Did our bashas keep us dry, warm, and keep the water out? Well, yes they did actually. Unfortunately, the pair in the basha next to us had staked one of their pegs under the edge of ours, and as a result, all the water running off our poncho - the sheet making up the roof of the basha - ran into their basha.
Still, shouldn't have pitched up that close to us. The idiots.

Week two was where the paperwork drifted off, and we started getting into the swing of things. Loads of incredibly interminable rifle lessons, and after two weeks, the "restaurant" breakfasts, (for me) a sausage, a hash brown, scrambled eggs, baked beans, and a bowl of bran flakes - EVERY BREAKFAST - started becoming incredibly boring. The dinner and tea menus have enough variety, but breakfasts were something to be tolerated, not enjoyed.

My relationship with my friends had improved and we were all getting on well as a team at this point. Kind of important given the work concerned.

PART TWO: "HAVING A BIT OF A WOBBLE"

Week three brought with it a strenuous run over very hilly terrain, over grassy fields and through woods, no less hilly, and thick with roots.
I ran myself ragged, partly not to let my mates down, and partly because I had some of the Army's finest yelling at me in both ears.
I fell down, I got up. I carried on running.

I don't remember much after that, apparently I fell down again, and did not get up.
Rather amusingly, as one instructor was arranging care/first aid for me, the other who seemed not to be needed, was apparently throwing grass at my recumbent form, repeating "man up".
I don't find that unprofessional or wrong, the way it was explained to me makes it simply sound funny.

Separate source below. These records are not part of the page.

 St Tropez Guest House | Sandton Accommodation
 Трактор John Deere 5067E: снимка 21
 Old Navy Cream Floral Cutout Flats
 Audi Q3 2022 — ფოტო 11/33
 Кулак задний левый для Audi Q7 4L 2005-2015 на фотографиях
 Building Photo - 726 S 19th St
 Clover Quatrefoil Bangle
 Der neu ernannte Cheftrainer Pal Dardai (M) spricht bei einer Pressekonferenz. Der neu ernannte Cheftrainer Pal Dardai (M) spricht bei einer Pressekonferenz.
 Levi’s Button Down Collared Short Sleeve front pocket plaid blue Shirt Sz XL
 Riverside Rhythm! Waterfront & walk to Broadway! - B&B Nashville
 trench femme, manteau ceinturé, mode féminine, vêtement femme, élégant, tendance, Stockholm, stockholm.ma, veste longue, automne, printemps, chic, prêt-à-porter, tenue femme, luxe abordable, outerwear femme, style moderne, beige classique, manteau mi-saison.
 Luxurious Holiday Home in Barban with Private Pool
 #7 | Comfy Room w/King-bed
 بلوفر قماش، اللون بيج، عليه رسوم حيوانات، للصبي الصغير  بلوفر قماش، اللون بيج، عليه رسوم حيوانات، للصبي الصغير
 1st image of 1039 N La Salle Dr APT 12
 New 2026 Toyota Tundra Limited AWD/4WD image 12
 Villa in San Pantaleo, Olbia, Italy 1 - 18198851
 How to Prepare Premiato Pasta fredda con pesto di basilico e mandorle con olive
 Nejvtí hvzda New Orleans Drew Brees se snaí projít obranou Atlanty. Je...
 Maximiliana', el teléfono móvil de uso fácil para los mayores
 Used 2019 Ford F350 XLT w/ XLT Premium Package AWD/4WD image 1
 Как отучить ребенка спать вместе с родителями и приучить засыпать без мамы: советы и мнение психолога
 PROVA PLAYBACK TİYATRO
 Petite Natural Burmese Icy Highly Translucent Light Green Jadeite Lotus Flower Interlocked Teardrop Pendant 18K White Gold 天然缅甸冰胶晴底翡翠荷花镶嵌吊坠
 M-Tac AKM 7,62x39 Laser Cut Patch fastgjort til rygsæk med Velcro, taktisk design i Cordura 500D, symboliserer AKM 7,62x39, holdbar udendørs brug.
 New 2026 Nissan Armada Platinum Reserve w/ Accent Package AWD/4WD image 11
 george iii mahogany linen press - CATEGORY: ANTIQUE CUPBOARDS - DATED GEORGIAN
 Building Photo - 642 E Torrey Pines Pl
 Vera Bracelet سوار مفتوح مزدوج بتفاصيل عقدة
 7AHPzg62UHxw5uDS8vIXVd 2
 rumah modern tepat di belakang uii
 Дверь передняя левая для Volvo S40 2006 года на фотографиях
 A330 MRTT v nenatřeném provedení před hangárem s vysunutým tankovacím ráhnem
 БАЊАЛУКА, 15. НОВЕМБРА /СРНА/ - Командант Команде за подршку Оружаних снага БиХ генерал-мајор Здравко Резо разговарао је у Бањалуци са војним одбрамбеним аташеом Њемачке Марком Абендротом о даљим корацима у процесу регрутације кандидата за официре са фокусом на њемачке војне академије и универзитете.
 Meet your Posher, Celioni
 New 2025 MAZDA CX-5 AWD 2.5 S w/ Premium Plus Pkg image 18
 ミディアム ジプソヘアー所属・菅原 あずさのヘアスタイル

I remember being brought back slumped over the seat in a land rover, while mates including one of the corporals (who is one of the coolest guys I've ever met, incidentally) tried to keep me awake, checking whether I knew what my name was (I got it right, eventually), and before long, I got carried bodily through the air by three of my mates, onto an examination table in the med center.

Hmm. Loony blood pressure (92-50), very high temperature, sweating profusely, and hyperventilating. Not a very pleasant way to do things.
Eventually and after a perceivably long time, I started "recovering", but just to be on the safe side, I was carted off in an ambulance to the local civilian hospital about 15 miles away.

A stay overnight in the hospital between the worst snorer in the world, and a dear old gentleman who "seem to have lost my products" on a regular basis. A few checks in the morning, and after a BK meal thoughtfully provided by the orderly officer, back to camp into the med center where I was to stay for two nights.
Compared to the lifestyle I had become accustomed to, the med center routine was so sedate as to be almost like my home routine. Late to rise, early to bed, and very little to do except play with my ipod and watch tv. And get better, apparently.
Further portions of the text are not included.